The Black gay-girls in the Village gay bars of the fifties knew each other's name, but we seldom looked into each other's Black eyes, lest we see our own aloneness and our own blunted power mirrored in the pursuit of darkness.

Lorde, 226

Lorde writes openly about how difficult it was for Black lesbians to find community, even in the progressive and bohemian Village. In fact, Zami is, as Monica B. Pearl writes, "an effort to find community." In this quote Lorde writes of Black women's eyes literally and figuratively, creating an image of two flesh-and-blood Black women passing each other on the street and not looking at each other deliberately, and also Black women ignoring fully engaging with each other because they are too ensconced in their own loneliness and need to survive.

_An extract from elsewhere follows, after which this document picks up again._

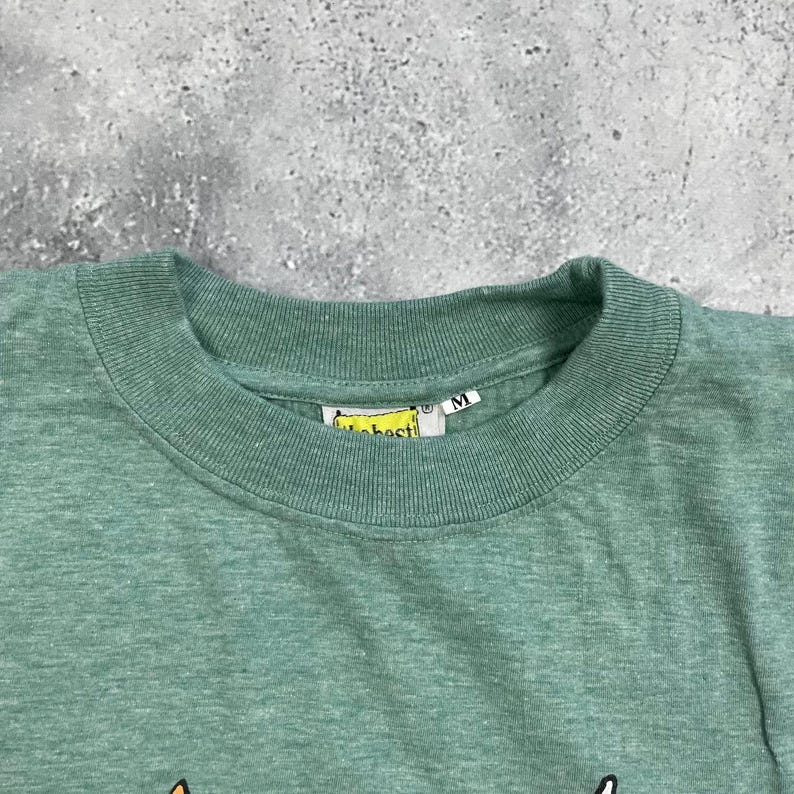 Pu&ograve; includere: Primo piano di una maglietta verde con scollo tondo. La maglietta ha un'etichetta con la scritta "best" e un'etichetta con la taglia "M". La maglietta &egrave; realizzata in un materiale morbido.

I started to wear the West Indian bangles my mother had brought back from Grenada for me. They covered up the scars and the discolored skin, and I no longer had to give explanations of what had happened.

Lorde, 236

This is a simple image but one that is highly symbolic. This scene is in the aftermath of her breakup with Muriel, in which she poured boiling water on her arm to forget her immense emotional pain. First, Lorde chooses to wear something from her mother. At this point Lorde and her mother were not in frequent contact, but in her attempt to heal, Lorde reaches for something from her mother, from her childhood. Though she does not explicitly say it, it can be inferred that this brings her comfort. And second, these are West Indian bangles—they speak to Lorde's ancestry, her Afro-Caribbean roots. Though the bangles cannot fully heal her wound, they can at least cover up the scars and help her move past this trauma.

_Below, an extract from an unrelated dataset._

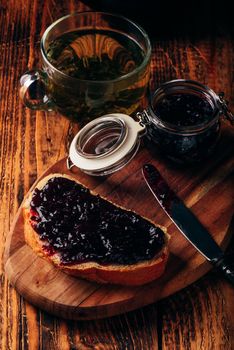 Toast with berry jam on cutting board and cup of green tea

We slipped off the cotton shifts we had worn and moved against each other's damp breasts in the shadow of the roof's chimney, making moon, honor, love...

Lorde, 252

Much of Lorde and Kitty's relationship embodies "womanism," a term created by Alice Walker to describe Black women's particular experiences (as opposed to feminism, which tended to privilege white women). Walker wrote that womanists were women who loved other women, whether sexually or non-sexually. A womanist, she stated, “loves music. Loves dance. Loves the moon. Loves the Spirit. Loves love and food and roundness. Love struggle. Loves the Folk. Loves herself. Regardless." In this scene in which these two Black women make love under the moon (which alludes to the connection between women/goddesses and the natural world), we see womanism in its fullest, most sustaining embodiment.

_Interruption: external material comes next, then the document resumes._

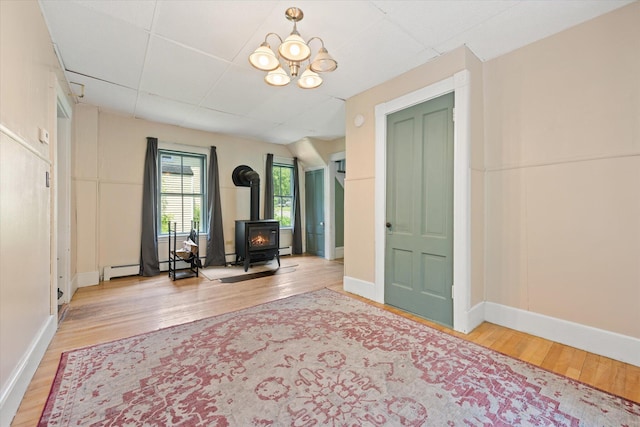 133 Front St, Old Town, ME 04468 - unfurnished living room with a wood stove, wood finished floors, a chandelier, and baseboard heating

Every woman I have ever loved has left her print upon me, where I loved some invaluable piece of myself apart from me—so different that I had to stretch and grow in order to recognize her. And in that growing, we came to separation, that place where work begins. Another meeting.

Lorde, 255

A traditional autobiography or bildungsroman privileges the self. It is a narrative of the individual, navigating the vicissitudes of their life. Others certainly factor in, but are mostly viewed as peripheral. Certainly Zami, which is in the first-person and is one woman's story, contains elements of those forms. Yet for Lorde, community is more important than the individual. Women in her life are fairly and fully depicted. She frankly acknowledges their influence on her. And, perhaps most importantly, the name she chooses for herself is not simply a name for a single person—it is a name for all women who love women.